Marcel Reich-Ranicki in der FAZ
Was die Nähe zu Tucholskys „Gebrauchslyrik“ betrifft, so ist gegen diese Behauptung sicher nicht viel einzuwenden. Auch wenn Kästners Gedichte wohl mehr Ähnlichkeit mit Themen und Sprache Kalékos aufweisen.
Es ist allerdings ein weit verbreitetes Klischee, Tucholsky und Kästner hätten den lieben langen Tag im Romanischen Café gesessen und dort mit aufstrebenden Talenten über Politik und Literatur diskutiert. Die weite Verbreitung macht ein Klischee nicht wahrer. Tucholsky überhaupt in Berlin anzutreffen, war seit 1924 schon nicht so einfach. Schließlich lebte er dauerhaft im Ausland, 1929 und 1930 verbrachte er insgesamt zehn Wochen in seiner Heimatstadt, die er im April 1931 zum letzten Mal sah. Und während seiner seltenen Berlin-Aufenthalte war es eher unwahrscheinlich, ihm im besagten Literatentreffpunkt zu begegnen. Denn:
Allen gemeinsam ist das Romanische Café, auf das ich nicht so schelten kann, wie das vielfach geschieht. Es ist nicht meine Nummer – aber dergleichen muß sein, das hats immer gegeben (…)
Peter Panter: „Die Zeit“, in: Die Weltbühne, 18.2.1930, S. 284
Statt dessen bevorzugte er beispielsweise das Restaurant Schwannecke, von dem er dichtete:
Früher, wenn mal etwas Komisches war:
ein Rednerschwupper an Thron und Altar,
der Kindermund eines Filmgenerals,
der Duft eines Reichsgerichts-Skandals,
Adele Sandrocks herrlicher Baß,
ein dämlicher Kabinettserlaß;
wenn mit Recht ein Verleger Pleite gemacht,
wenn ein Tisch sich bei Schwannecke zerkracht –
dann tat eine innere Stimme befehlen:
Das mußt du gleich S.J. erzählen!
[…]
Theobald Tiger, „Lücke“, in Die Weltbühne, 29.3.1927, S. 503
Auch Kästner war kein typischer Gast des „Romanischen“. Er schrieb seine Gedichte und Bücher im Café Carlton und später im Café Leon, wie Jürgen Schebera in seinem klassischen Bildband Damals im Romanischen Café berichtet.

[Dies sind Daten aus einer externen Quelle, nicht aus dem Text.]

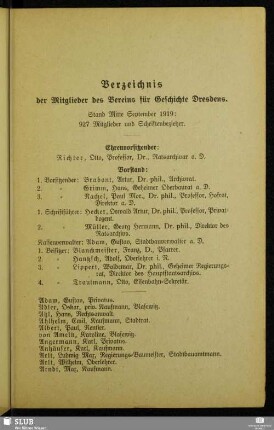 Verzeichnis der Mitglieder des Vereins für Geschichte Dresdens.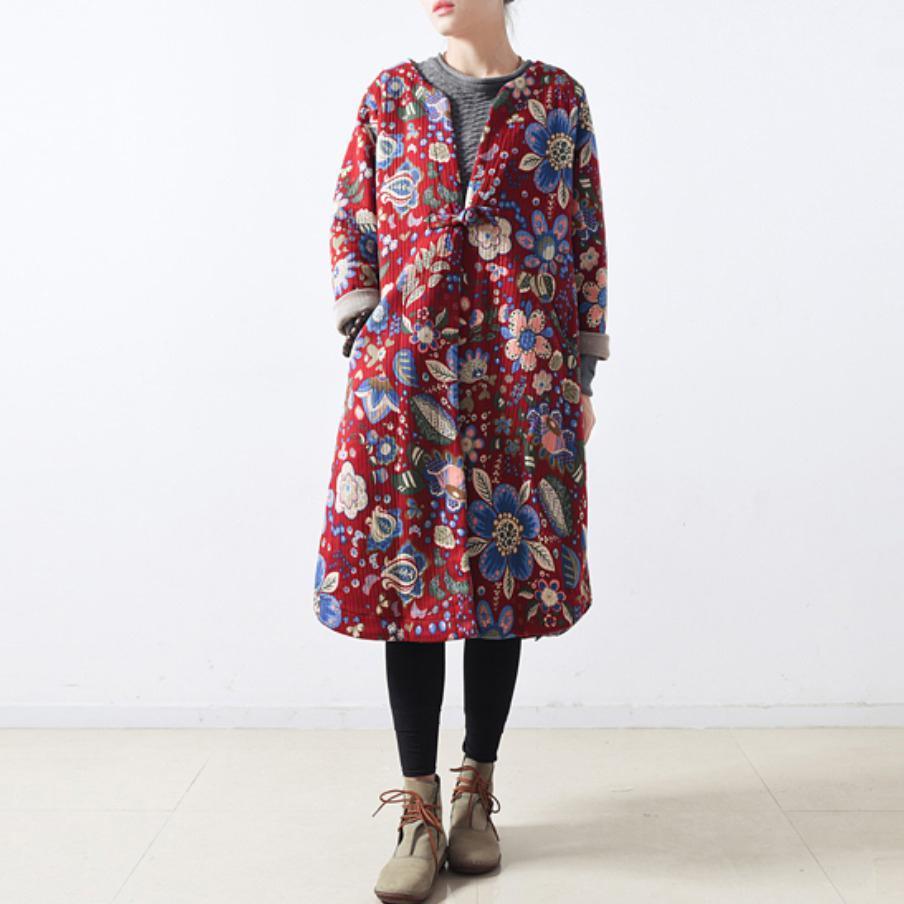 WW | roter Baumwollmäntel lässiger Maximantel Elegante lange Mäntel floral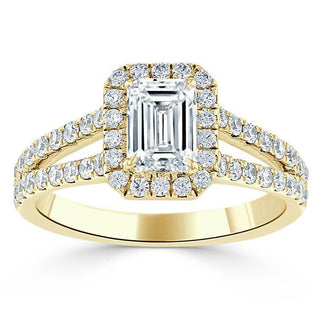 1.0 CT Emerald Cut Halo Split Shank Setting Moissanite Engagement Ring - Barbara Maison 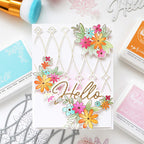 Pinkfresh Studio Cheerful Blossoms Clear Stamps 262724 Floral Hello Card | color-code:ALT01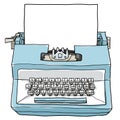 Blue typewriter vintage toy with paper cute hand drawn art illus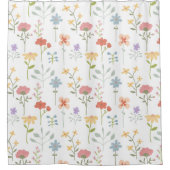 Rideaux De Douche Aquarelle Fleur sauvage motif floral (Devant)
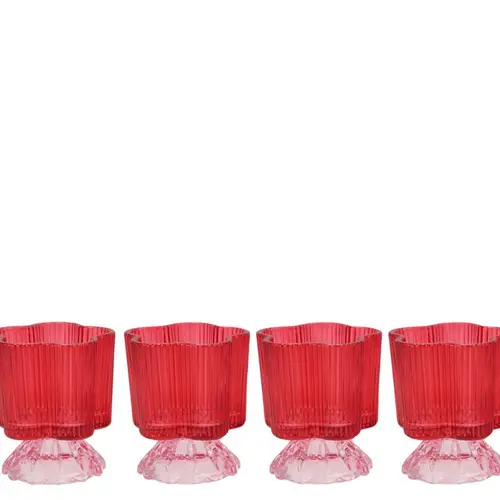 Glas Teelicht Naomi rosa D08cm H10cm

Darin findet sich jedoch ein musikalischer „Beweis“ für Tucholskys Aufenthalte in dem Café gegenüber der Gedächtniskirche. In einem Chanson von Willi Kollo heißt es:
Damals im Romanischen Café,
Wir saßen stundenlang bei einem Glas Tee.
Beiden gings uns damals ziemlich schlecht,
Wir lebten nur von Pump, Kurt Weill und Bertolt Brecht.
Es schrieb an seinem Marmortisch
Aus Prag der Egon Erwin Kisch
Den „Rasenden Reporter“ –
Durchs Café ging der Kortner.
Homolka spielte oben Schach
Die Mosheim blieb verzweifelt wach
Friedell saß bei dem Anton Kuh
Tucholsky setzte sich dazu.
[…]
Jürgen Schebera: Damals im Romanischen Café, Leipzig 1998, S. 63
Nicht ausgeschlossen, dass Kollo schon damals Klischees bemühte.
Gegen eine enge persönliche Verbindung von Tucholsky, Kästner und Kaléko spricht auch die Tatsache, dass die junge Dichterin nie in der Weltbühne erwähnt und lediglich einmal ein Gedicht („Kassen-Patienten“) von ihr in der Zeitschrift veröffentlicht wurde. Wen es vor allem ins Romanische Café verschlug, beschrieb der Journalist Hanns-Erich Kaminski in dem Blatt:
Von Wien aus gesehen, erscheint Berlin als ein zweites New York, als die zivilisierte Wildnis des zwanzigsten Jahrhunderts, in der man ohne einen Pfennig ankommen und sich mit geballten Fäusten den Weg nach oben, zum Erfolg, zum Reichtum, bahnen kann.
Der junge Mann aus Wien begibt sich vom Anhalter Bahnhof ins Romanische Café. Dort trifft er Bekannte und gewinnt neue Freunde, bald kann er herumgehen und an zwölf Tischen guten Tag sagen. Aber bald merkt er auch, daß die Luft dort anders ist als in Wien. In Wien bedeutet das Café den Hafen, in Berlin nur den Startplatz. Im wiener Café sitzen immer dieselben Leute, im berliner wechseln sie alle paar Jahre. An der Gedächtniskirche muß man arrivieren oder man geht vor die Hunde.
Hanns-Erich Kaminski: „Der junge Mann aus Wien“, in: Die Weltbühne, 16.12.1930, S. 903f.
Gut möglich, dass Kaléko und Tucholsky sich bei einem „Personalwechsel“ verpasst haben.